# Data records

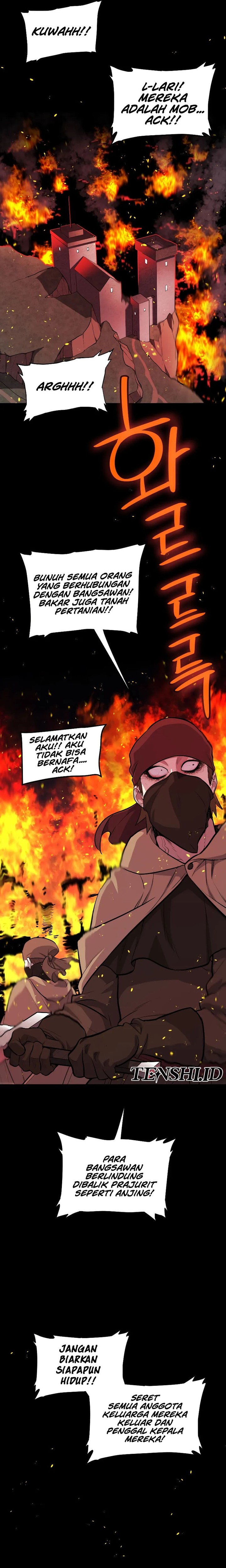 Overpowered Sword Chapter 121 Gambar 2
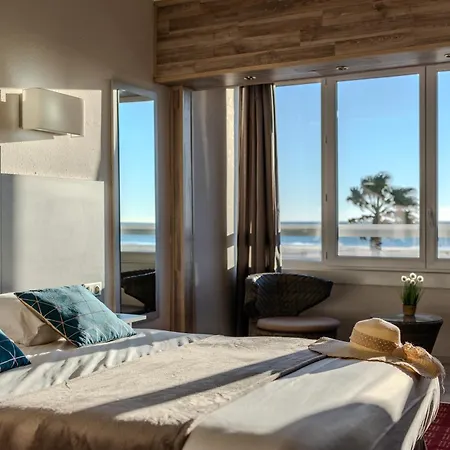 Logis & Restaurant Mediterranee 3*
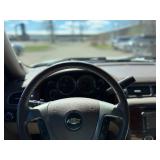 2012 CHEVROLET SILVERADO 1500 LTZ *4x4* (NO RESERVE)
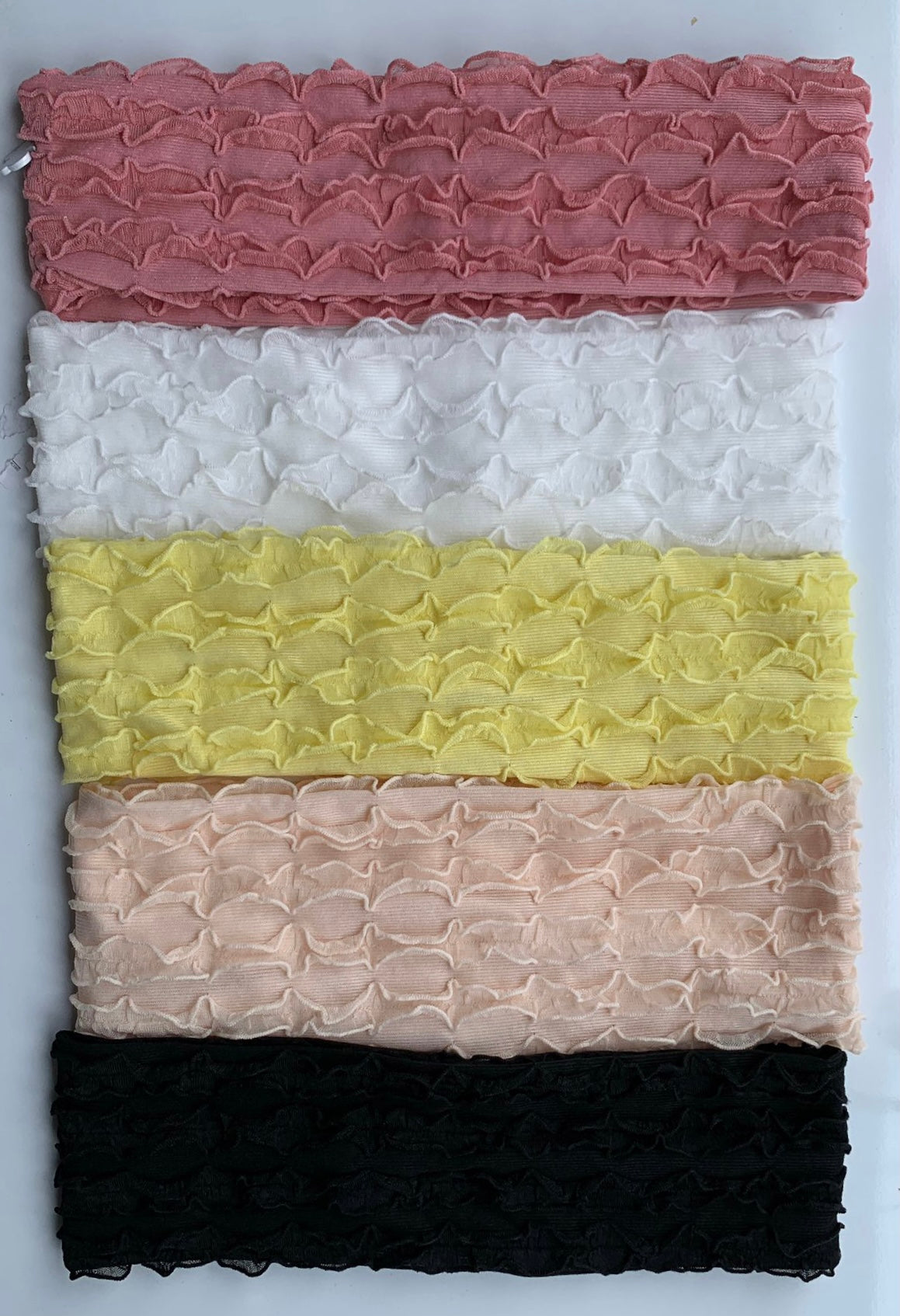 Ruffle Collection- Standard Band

...

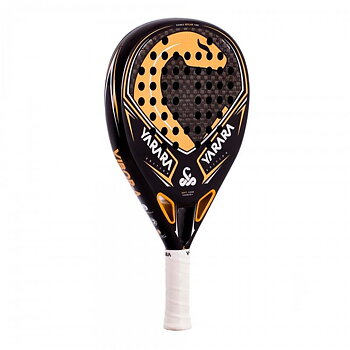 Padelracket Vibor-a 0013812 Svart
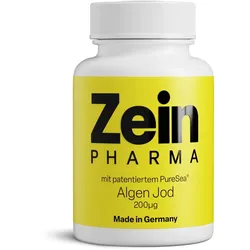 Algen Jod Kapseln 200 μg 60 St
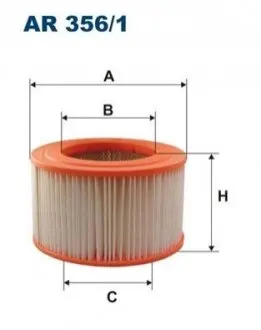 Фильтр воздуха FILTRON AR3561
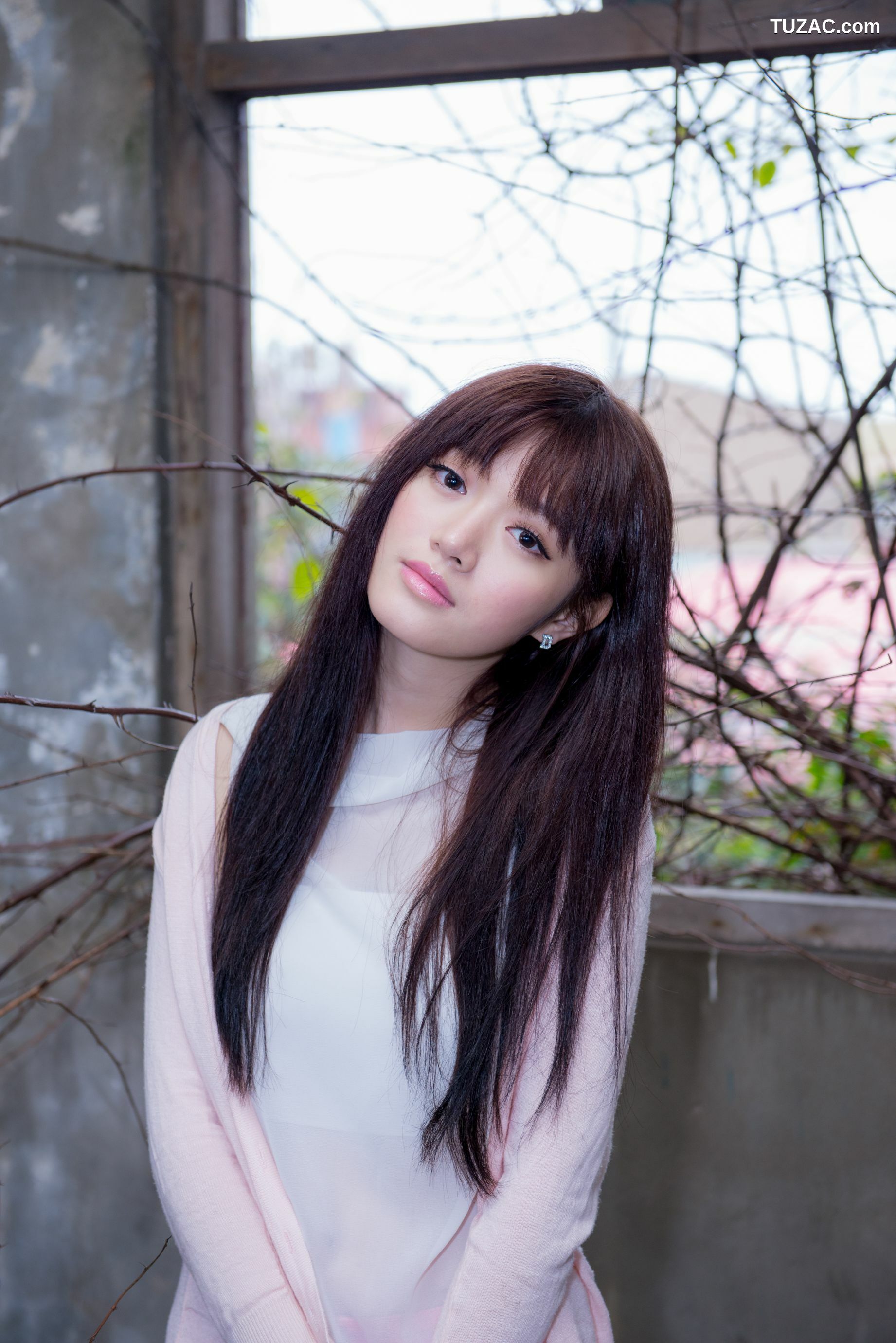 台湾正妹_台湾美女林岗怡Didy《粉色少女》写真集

# Exercise objective
What is needed is an exact copy of the lines above, from the one holding "Фильтр воздуха FILTRON AR3561" down to the one holding "台湾正妹_台湾美女林岗怡Didy《粉色少女》写真集", with those two included and the pictures left out.

# Reply to the exercise
 Фильтр воздуха FILTRON AR3561
 台湾正妹_台湾美女林岗怡Didy《粉色少女》写真集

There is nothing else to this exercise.